I really WANTED to fall in love with Nimona. It seemed like such an obvious pairing: Nimona the impulsive young shapeshifter with a knack for villainy and Lord Ballister Blackheart, a villain with a vendetta. These two setting off to prove the heroes aren’t always heroic? Done. But… I only liked this one and caught myself more than once skipping ahead to “get on with the story”. What were my problems?
Inconsistent backstory and inconsistent characterizations.
From the beginning we learn that while students at the institute, Ballister and his now nemesis Goldenloin jousts. Ballister knocks Goldenloin off his horse, and then Goldenloin uses his modified lance to shoot Ballister, taking his arm off.
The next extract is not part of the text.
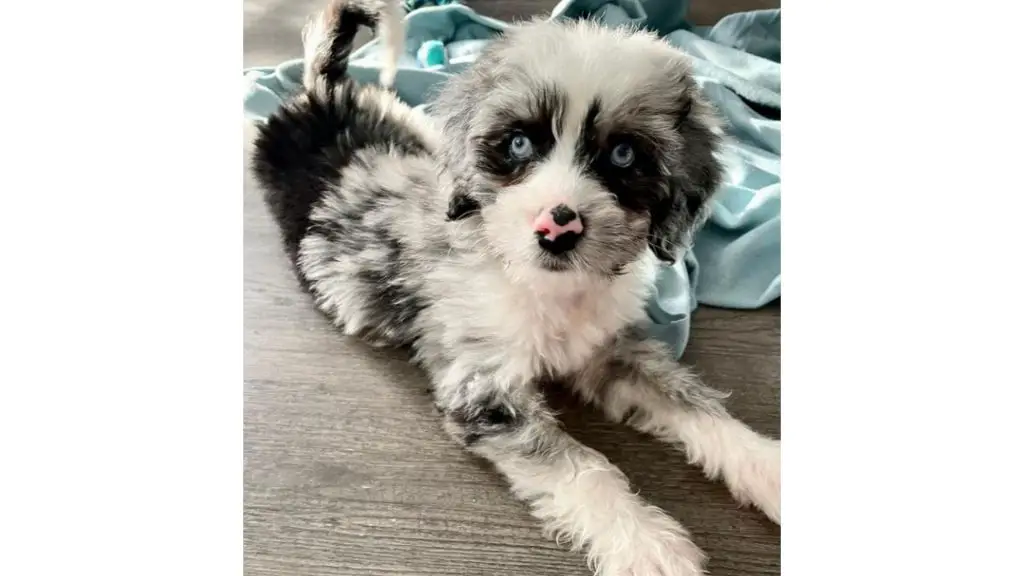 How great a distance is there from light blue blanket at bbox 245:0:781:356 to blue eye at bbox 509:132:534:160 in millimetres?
302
This sets up their being on opposite sides of any and all battles, as per the Institute, with Goldenloin and his good looks taking the role of “hero” and mutilated Ballister taking on the role of “villain”. Moving forward Ballister is onto the machinations of the Institute. Sometimes he’s out to get them, sometimes he’s trying to expose them, sometimes he hates Goldenloin, and sometimes he is in league with him. There was a vibe that Stevenson was going for; I’m just not sure she hit it all the time.
Also… Nimona’s backstory. It just… didn’t come together for me.
What works? The way Stevenson wrapped up her story in this world, the world itself which has magic and science coexisting beautifully, and the art itself. All of these things were great. I just wish that the story as a whole worked better for me, but I’m in the minority.